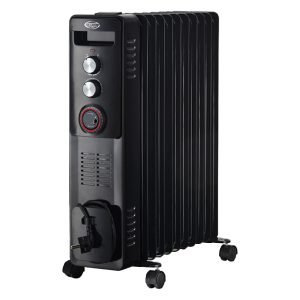 ARGO Warm 11-BK 800/2500W Oil Radiator Free-Standing Heater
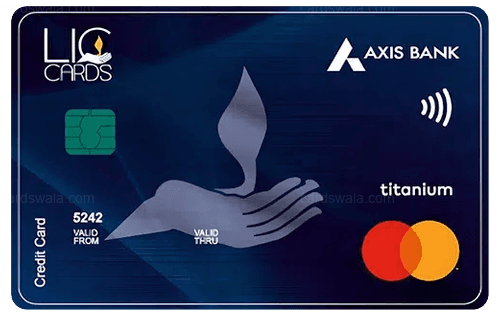 LIC Titanium Credit Card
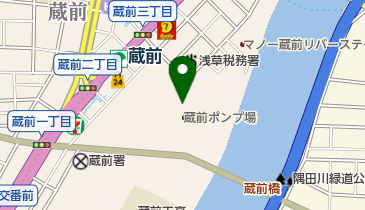 東京都下水道局 北部下水道事務所の地図画像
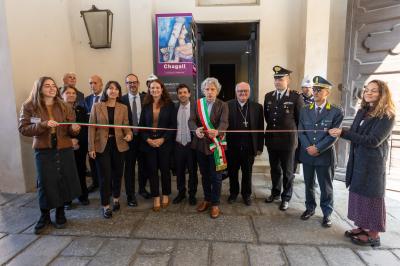 MOSTRA CHAGALL PALAZZO DIAMANTI FERRARA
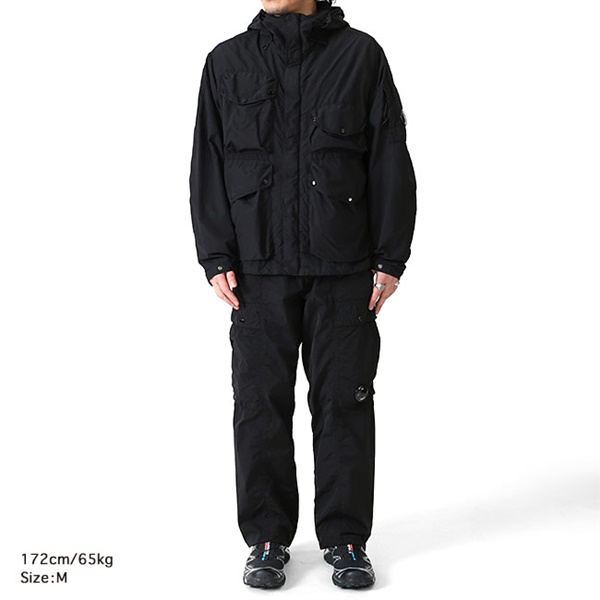 C.P. Company シーピーカンパニー ガーメントダイ フラットナイロン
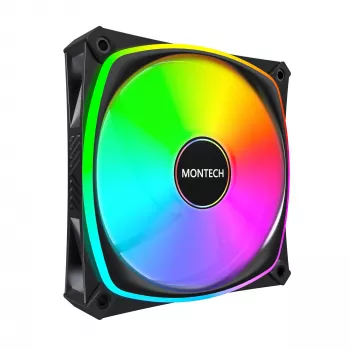 MONTECH RX120 PRO BLACK 120mm ARGB korpuso ventiliatorius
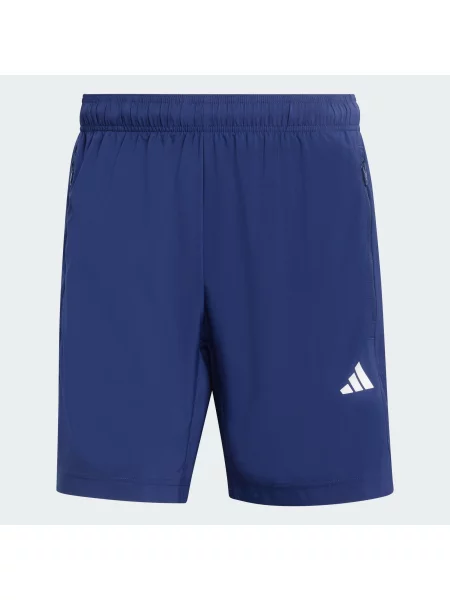 SZORTY WORKOUT ESSENTIALS BASE WOVEN białe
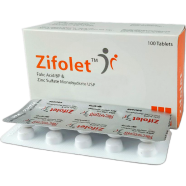 Zifolet 5 Mg, 20 Mg Tablet 10'S Strip icon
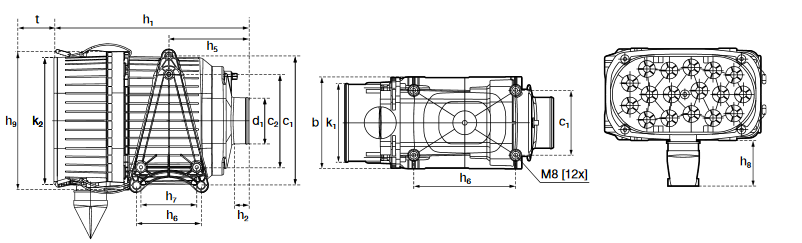 45 180 95 912 Luftfilter (Iqoron-V 4,5 liegend SE)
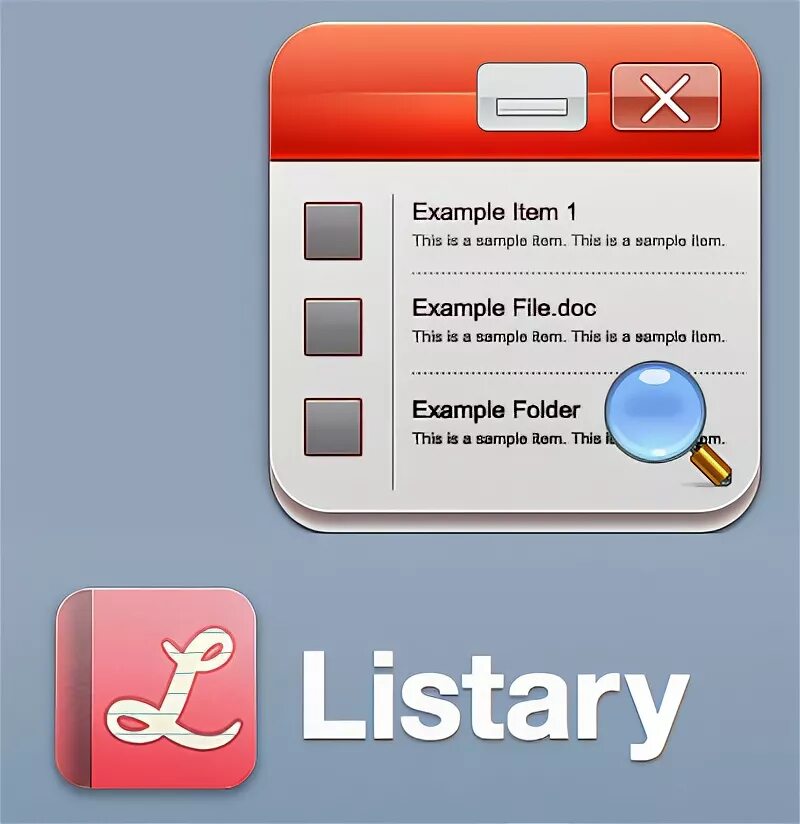 Listary. Items примеры. Listary - это программа,. Портативный софт.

===

REQUIREMENT —
Return exactly, with no pictures, each line from the one that contains "45 180 95 912" through the end of the entries above, both ends included.

EXERCISE SOLUTION —
 45 180 95 912 Luftfilter (Iqoron-V 4,5 liegend SE)
 Listary. Items примеры. Listary - это программа,. Портативный софт.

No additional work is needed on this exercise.